Even though those statements describe the same phenomena, you probably found the pope’s message communicating the urgency and injustice of the climate crisis to be more compelling. As an unexpected messenger who makes bold statements in down-to-earth language, Pope Francis is an enthralling climate communicator. The pope also has exceptionally high media visibility and moral authority as an advocate for the poor, making him a powerful icon in the fight for climate justice.

Pope Francis’s climate advocacy reached its pinnacle in June 2015 with the release of his groundbreaking encyclical letter Laudato Si’: On Care for our Common Home. An encyclical is the most authoritative teaching document a pope can issue, and Laudato Si’ was addressed not only to the world’s 1.2 billion Catholics but “to all people of good will.”[6] The timing was significant as it was an intentional call for action to governments convening five months later for the 21st Conference of the Parties (COP21) Climate Summit in Paris—the result of twenty-one years of stalled UN negotiations to sign a climate agreement.[7]

While scientists and policy makers usually dominate the debates on climate change, the pope’s advocacy helped frame the issue in moral terms relatable to a lay audience. Pope Francis’s leadership indicates that world religions could have a role in the journey ahead to tackle the climate crisis.

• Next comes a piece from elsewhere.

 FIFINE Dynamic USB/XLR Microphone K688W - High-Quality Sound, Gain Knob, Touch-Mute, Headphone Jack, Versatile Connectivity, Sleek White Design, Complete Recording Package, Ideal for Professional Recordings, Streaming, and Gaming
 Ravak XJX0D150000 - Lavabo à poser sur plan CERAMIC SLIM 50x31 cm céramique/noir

An Unlikely Partnership between Science and Religion

While the scientific community has compiled unequivocal evidence on how human activities disrupt the climate system, this has not been enough to mobilize global action.[8] The complexity of climate change and the politics surrounding it relegate the issue to a low priority for most citizens and policy makers, even if they are aware of the catastrophic implications.

When appealing to people’s minds proves ineffective, speaking to their hearts can provide an alternative means for action. Considering that 84 percent of people globally have a religious affiliation, faith leaders have the potential to become influential allies to the scientific community and make a decisive contribution in motivating humanity to change course.[9] Multiple conferences and publications on the intersection of science, religion, and ecology are testaments to the increased collaboration between the scientific and faith communities in the face of the environmental challenge.[10]

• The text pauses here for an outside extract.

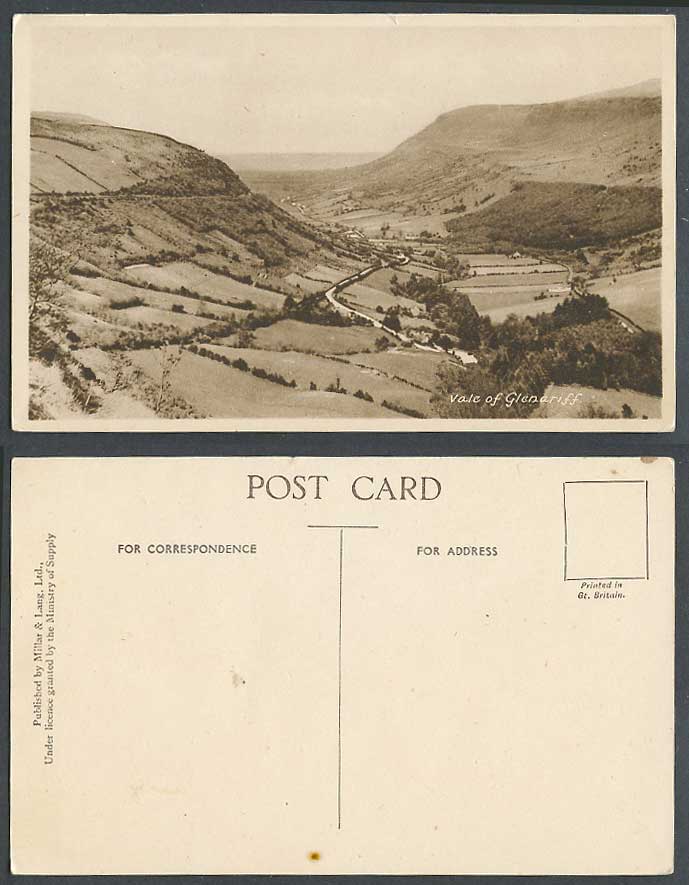 Northern Ireland Co. Antrim Old Postcard Vale of Glenariff Hills Valley Panorama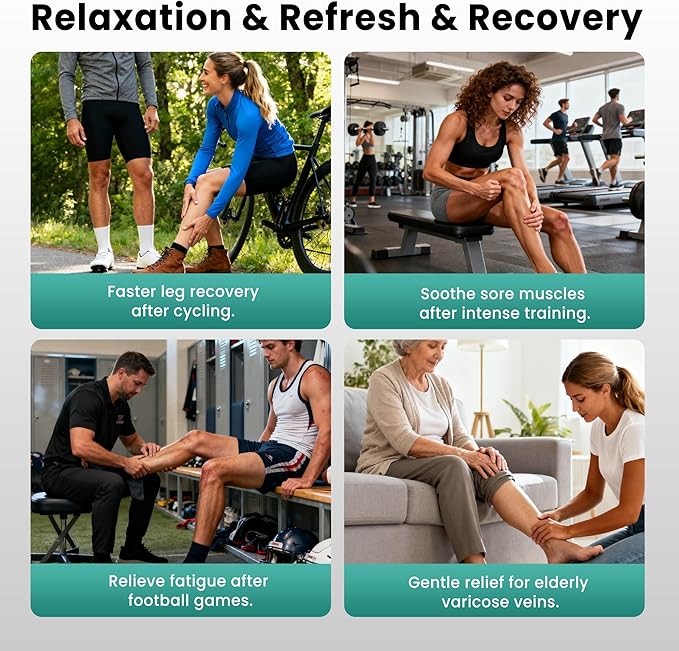 Leg Massager with Heat and Comression, Foot and Leg Massager for Circulation and Pain Relief, Air Compression Boots with 9 Intensity Levels, Full Leg Recovery Therapy Mechine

Moreover, a commonality of religion and climate science is that they recognize no national boundaries and stress that interconnectedness is at the core of the climate crisis. Science unequivocally emphasizes that the causes and consequences of climate change are blind to country borders. One ton of CO2 has the same warming effect on the global climate regardless of its country of origin, affecting all countries to a certain degree. Meanwhile, the world’s major religions share a concern for the deep ties binding peoples, as illustrated by the writings of Mary Evelyn Tucker and John Grim.[11] “Our planet is a homeland and . . . humanity is one people living in a common home,” said Pope Francis.[12]

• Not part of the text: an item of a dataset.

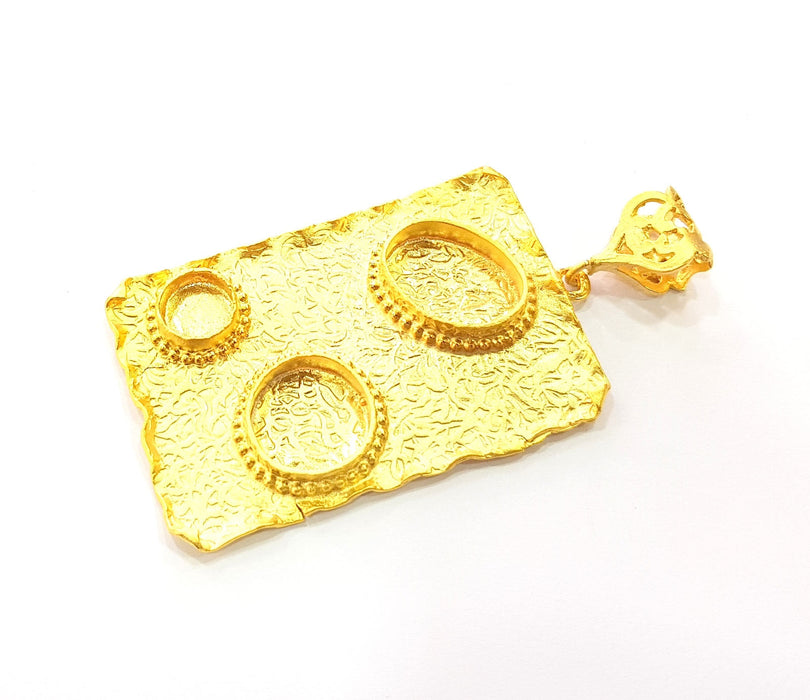 Gold Pendant Blank Base Setting Necklace Blank Resin Blank Mountings Gold Plated Brass ( 58x38mm blank ) G8540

Both perspectives are critical and must be given consideration, as national boundaries are at the heart of the thorny nature of the UN negotiations. Distrust between geopolitical competitors is a recurrent problem that impedes the cooperation needed to address climate change. Pope Francis has made a decisive contribution in stressing both the urgency and the injustice of the climate crisis.

The Urgency: The Cry of the Climate

Pope Francis acknowledges the scientific facts of climate change early on in Laudato Si’ and stresses the severe urgency of the crisis, which many in the scientific community in turn acknowledged. He begins by stating that “it is [his] hope that this Encyclical Letter . . . can help us to acknowledge the appeal, immensity and urgency of the challenge we face.”[13] This urgent tone permeates the whole document. Pope Francis uses accessible vocabulary to bring attention to the planetary state of emergency that continues to worsen, with key climate metrics breaking records year after year:[14] “our common home is falling into serious disrepair . . . we can see signs that things are now reaching a breaking point.”[15]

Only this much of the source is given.